Danke für diese Worte, ich nehme sie mir auch mit. Herzlichst, Ihre Frau Knobloch.
Ich auch, fein das! :)
Bitte nicht vergessen, wie wichtig das Einblickgewähren ist. Man fürchtet ja nur, was man nicht kennt. Und das eingebettet in die Gastfreundschaft, dann werden wir wahrlich Geschwister. Danke für Ihre Worte, lieber Herr Theomix, auch sie sehr wichtig hier.
Jetzt müssen Sie sich aber drücken lassen, liebe Frau Knobloch, bei so fein eingefangenen Bildern und herzensnahen Worten kann ich nicht anders.
Danke und sehr gerne, mein Lieber. Die Worte, sie summten ein paar Tage in mir und suchten einen Ausgang, ich wünschte sie fänden Gehör bei denen, die furchtsam und fremdblickig sind.
Wenn wir weiterhin so fein Umhalsungen üben, paßt bald kein Blatt Papier mehr zwischen uns. Und wissen Sie, wie ich das finde? Genau: Bonfortionös!
So gerne habe ich Reliunterricht erteilt. Nie mit Beten und so, dafür die uralten Geschichten mit Noah, Josef und Moses. Mann, was haben die Kinder für köstlich schöne Bilder gemalt – und wie tief gingen die Geschichten, allein die vom Turmbau zu Babel…und die von den Säulen des Islam, und, und…Dein Text passt!
Dankesehr, meine liebe Wildgans und Ihren Religionsunterricht hätte ich sicher gerne besucht. Mir wurde die Teilnahme in der Berufsschule als Konfessionsfreie verwehrt. Ich habe mich im stummen Protest mit der Bibel vor das Klassenzimmer gesetzt und behandelte Themen parallel für mich mitgelesen.
Einen schönen Tag Ihnen, Ihre Käthe.
Ihre Frohfragmente scheinen mir den inneren Zusammenhalt zu haben, den man bei so manchem Religionsausübenden vermisst.
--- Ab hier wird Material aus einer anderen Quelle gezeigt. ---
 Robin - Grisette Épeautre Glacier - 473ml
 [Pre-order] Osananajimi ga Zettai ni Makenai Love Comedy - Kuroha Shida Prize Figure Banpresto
Von Ihnen fragmentiert zu werden, ist dem Ganzen eine Ehre! Klasse Text!
Mein lieber Michael, Ihre Worte rühren mich an. Der innere Zusammenhalt, kann er dieses ‚Sein und sein lassen‘ verkörpern, das ich versuche zu leben? Ja, durchaus.
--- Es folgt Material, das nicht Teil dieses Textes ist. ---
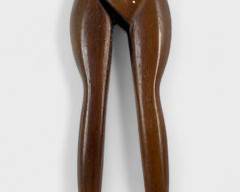 Woman's Legs Nutcracker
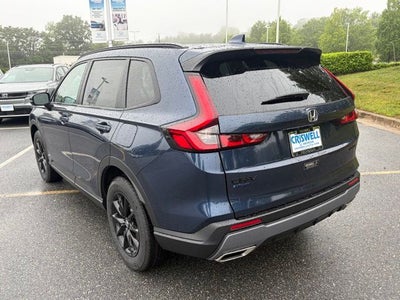 2026 Honda CR-V AWD Sport Hybrid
Danke für Ihr famoses Kompliment, ich freue mich sachtmurmelig, den er rumorte eine Weile in mir, dieser Text.
Alles Liebe, Ihre Käthe.
Ihr Trost spendender Bericht, liebe Frau Käthe, erinnert mich an das Hanauer Bürgerfest, wo alle Ethnien backen, brutzeln, musizieren und fröhlich sind. In der Weststadt gibt es eine türkische Bürgerinitiative, die mit Kind und Kegel zweimal im Jahr das ganze Viertel von Unrat beseitigt, sie hatten die Idee und jetzt machen auch die anderen freiwillig mit. Nach getaner Arbeit wird auf einem Platz dann gemeinsam geschmaust.
In einer Moschee war ich noch nie, aber Sie haben mich auf eine Idee gebracht.
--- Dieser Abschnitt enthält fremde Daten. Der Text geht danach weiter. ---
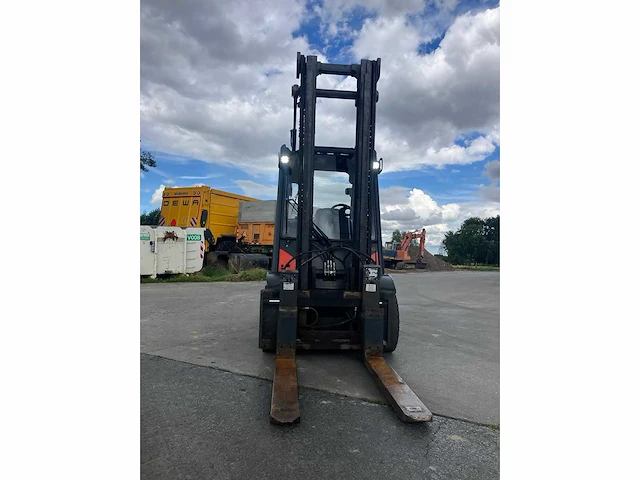 Linde h30t-02 forklift trucks 2018 - afbeelding 7 van  75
Haben Sie Dank für Ihre Geschichte und mit liebem Gruß bin ich
Ihre Karin
Ach, was freue ich mich über Ihre Worte, liebe Frau Karin! Das er auch noch Trost und Hoffnung transportiert, diese Text, es ist mir ehrliche Freude. Hier in der Provinzstadt verübten letztjährig Salafisten einen Brandanschlag auf eine Moschee und sofort fand eine Mahnwache mit einem gemischten Gottesdienst statt. Imam neben Pfarrer, zweisprachige Gebete und gemeinsames Entsetzen.
Herzliche Grüße und einen schönen Tag Ihnen, Ihre Käthe.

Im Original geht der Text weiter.